[Opening RECORDED DATA section]
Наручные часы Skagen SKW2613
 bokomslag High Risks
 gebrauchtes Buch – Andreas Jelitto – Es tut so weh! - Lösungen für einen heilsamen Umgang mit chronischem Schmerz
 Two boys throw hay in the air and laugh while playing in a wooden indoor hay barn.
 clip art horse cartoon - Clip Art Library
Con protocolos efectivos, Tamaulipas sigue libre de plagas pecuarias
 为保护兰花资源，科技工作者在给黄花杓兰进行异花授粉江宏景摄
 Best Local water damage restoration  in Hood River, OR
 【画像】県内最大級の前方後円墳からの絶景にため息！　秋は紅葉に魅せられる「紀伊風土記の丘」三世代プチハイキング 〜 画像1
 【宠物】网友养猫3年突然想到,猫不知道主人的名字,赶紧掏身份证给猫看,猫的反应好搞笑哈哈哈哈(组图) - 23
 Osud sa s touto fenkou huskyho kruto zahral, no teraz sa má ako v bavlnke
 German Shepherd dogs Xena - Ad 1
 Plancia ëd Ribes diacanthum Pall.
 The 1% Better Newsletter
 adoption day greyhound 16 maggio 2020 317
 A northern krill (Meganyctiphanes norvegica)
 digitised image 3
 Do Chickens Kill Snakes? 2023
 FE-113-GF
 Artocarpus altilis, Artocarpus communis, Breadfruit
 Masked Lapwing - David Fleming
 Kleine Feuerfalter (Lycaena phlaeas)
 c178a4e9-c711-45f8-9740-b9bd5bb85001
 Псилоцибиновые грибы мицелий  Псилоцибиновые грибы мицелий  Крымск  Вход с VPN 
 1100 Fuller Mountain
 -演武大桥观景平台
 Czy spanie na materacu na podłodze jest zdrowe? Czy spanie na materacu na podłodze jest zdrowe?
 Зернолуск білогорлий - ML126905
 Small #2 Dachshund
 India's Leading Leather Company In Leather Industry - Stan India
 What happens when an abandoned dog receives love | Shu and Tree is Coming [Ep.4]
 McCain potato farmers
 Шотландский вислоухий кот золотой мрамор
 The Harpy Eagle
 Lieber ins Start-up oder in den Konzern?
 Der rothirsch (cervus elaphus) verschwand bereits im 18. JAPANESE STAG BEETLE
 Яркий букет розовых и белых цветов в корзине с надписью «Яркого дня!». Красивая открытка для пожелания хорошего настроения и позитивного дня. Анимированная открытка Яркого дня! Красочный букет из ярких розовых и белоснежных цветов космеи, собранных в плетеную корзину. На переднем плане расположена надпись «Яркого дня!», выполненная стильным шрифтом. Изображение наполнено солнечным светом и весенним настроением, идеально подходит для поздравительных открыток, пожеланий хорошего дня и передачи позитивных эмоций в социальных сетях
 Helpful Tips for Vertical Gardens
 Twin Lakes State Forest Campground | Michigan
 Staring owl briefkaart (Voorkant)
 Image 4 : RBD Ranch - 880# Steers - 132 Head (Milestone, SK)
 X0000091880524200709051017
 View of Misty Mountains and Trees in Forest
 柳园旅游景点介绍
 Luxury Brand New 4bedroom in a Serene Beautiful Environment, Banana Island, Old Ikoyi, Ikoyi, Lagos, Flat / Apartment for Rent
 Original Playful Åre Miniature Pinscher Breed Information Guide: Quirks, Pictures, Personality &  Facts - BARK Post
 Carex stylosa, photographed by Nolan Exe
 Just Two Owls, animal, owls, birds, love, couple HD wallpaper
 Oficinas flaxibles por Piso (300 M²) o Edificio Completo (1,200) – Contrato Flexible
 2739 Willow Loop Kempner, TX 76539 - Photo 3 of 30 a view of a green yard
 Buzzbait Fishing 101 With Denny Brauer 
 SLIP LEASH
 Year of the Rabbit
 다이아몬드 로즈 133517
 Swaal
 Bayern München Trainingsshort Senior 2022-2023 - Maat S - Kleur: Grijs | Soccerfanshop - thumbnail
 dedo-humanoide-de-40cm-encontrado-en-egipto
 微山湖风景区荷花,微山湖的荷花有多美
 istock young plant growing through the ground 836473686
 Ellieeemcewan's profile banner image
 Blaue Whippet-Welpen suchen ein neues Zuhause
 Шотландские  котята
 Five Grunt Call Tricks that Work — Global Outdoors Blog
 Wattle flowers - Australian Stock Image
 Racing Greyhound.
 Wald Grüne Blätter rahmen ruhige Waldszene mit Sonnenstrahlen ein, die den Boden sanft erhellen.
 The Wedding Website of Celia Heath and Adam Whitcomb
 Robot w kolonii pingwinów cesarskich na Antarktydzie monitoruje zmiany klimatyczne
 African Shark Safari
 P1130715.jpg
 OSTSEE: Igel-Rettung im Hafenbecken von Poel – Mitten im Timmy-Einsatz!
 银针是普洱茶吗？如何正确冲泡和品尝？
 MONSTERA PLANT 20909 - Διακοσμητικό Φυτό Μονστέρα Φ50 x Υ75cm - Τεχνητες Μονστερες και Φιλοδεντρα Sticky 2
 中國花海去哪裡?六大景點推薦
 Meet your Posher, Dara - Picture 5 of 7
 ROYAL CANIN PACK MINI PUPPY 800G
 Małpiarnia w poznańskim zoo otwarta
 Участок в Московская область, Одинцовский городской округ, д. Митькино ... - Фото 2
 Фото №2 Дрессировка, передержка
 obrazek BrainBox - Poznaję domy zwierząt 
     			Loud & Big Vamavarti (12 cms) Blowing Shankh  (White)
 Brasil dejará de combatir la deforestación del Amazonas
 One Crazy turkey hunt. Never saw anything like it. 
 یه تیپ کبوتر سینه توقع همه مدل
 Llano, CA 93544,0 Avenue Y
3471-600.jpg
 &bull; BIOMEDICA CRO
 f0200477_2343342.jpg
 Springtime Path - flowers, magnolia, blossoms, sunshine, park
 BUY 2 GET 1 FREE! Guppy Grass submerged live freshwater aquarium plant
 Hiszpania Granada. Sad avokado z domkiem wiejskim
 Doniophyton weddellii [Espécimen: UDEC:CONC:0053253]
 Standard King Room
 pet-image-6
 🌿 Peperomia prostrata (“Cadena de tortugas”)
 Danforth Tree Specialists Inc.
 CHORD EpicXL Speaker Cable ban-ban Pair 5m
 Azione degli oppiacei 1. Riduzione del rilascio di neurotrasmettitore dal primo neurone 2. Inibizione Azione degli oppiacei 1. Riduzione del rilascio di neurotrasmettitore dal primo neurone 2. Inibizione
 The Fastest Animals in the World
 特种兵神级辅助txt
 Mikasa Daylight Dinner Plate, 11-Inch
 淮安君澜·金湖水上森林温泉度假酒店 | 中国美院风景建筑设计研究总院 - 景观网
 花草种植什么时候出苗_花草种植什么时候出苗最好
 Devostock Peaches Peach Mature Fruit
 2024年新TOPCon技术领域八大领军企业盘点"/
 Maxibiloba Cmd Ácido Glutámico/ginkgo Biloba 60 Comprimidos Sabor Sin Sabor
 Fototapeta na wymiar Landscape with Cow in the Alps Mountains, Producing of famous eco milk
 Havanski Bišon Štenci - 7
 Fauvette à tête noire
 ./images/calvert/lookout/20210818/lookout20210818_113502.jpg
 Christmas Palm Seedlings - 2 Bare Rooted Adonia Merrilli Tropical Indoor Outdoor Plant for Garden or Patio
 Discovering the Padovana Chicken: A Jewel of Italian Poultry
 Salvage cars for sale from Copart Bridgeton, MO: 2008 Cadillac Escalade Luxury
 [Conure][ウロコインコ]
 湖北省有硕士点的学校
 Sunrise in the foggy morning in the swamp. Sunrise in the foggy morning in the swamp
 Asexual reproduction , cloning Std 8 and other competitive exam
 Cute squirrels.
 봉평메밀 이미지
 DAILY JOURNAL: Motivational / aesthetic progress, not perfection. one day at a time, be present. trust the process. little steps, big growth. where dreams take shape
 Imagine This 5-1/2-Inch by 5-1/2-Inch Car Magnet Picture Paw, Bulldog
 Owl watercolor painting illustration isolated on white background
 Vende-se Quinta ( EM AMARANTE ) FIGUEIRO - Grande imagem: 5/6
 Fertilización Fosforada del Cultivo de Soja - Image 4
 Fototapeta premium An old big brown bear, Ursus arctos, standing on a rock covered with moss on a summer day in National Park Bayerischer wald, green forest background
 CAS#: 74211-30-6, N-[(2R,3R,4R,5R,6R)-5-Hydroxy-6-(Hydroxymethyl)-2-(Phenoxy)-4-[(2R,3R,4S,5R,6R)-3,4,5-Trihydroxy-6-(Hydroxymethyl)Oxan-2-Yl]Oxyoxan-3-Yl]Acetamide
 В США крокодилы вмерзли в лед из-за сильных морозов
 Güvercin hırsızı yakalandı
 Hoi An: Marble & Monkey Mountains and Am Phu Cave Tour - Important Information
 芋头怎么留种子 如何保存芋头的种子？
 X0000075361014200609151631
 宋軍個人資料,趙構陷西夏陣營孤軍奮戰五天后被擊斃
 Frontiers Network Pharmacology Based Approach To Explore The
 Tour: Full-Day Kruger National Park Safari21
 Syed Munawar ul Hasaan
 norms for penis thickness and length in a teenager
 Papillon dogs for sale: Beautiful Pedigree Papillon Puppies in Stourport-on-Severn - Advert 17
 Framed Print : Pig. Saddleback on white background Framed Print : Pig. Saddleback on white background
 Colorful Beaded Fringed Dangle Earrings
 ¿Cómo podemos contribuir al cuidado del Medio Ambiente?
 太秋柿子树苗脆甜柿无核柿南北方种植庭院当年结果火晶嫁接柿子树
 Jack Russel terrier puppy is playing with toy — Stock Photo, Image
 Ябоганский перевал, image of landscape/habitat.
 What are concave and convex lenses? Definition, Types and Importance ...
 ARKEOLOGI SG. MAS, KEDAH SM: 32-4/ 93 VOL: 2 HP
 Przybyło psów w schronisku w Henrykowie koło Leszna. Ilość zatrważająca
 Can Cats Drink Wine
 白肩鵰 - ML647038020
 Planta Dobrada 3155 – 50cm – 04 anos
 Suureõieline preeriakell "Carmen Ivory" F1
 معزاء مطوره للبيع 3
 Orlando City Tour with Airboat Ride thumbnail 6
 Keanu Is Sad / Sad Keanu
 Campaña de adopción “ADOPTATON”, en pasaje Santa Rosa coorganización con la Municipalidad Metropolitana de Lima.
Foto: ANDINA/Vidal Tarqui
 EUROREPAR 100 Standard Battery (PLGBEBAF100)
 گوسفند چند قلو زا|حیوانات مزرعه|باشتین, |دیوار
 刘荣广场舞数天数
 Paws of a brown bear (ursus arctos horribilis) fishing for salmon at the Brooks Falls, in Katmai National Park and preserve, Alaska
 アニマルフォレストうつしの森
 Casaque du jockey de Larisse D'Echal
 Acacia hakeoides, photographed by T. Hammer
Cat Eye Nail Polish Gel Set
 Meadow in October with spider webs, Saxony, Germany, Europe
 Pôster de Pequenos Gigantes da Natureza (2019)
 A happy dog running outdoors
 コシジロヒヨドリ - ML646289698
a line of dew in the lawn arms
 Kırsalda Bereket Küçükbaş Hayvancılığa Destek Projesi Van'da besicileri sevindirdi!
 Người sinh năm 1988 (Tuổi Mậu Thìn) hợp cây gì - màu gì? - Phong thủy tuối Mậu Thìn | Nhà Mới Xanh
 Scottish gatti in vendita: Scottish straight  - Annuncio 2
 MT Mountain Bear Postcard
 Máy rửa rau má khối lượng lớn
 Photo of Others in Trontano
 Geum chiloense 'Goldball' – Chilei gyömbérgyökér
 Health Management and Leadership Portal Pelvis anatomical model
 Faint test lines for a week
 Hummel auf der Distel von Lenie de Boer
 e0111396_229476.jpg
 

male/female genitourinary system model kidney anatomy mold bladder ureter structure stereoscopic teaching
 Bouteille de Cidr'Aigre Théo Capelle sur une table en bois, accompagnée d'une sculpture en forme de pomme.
[Closing RECORDED DATA section]
Whatever lies between the line containing "Faint test lines for a week" and the final line above, both included, must be returned exactly.

 Faint test lines for a week
 Hummel auf der Distel von Lenie de Boer
 e0111396_229476.jpg
 

male/female genitourinary system model kidney anatomy mold bladder ureter structure stereoscopic teaching
 Bouteille de Cidr'Aigre Théo Capelle sur une table en bois, accompagnée d'une sculpture en forme de pomme.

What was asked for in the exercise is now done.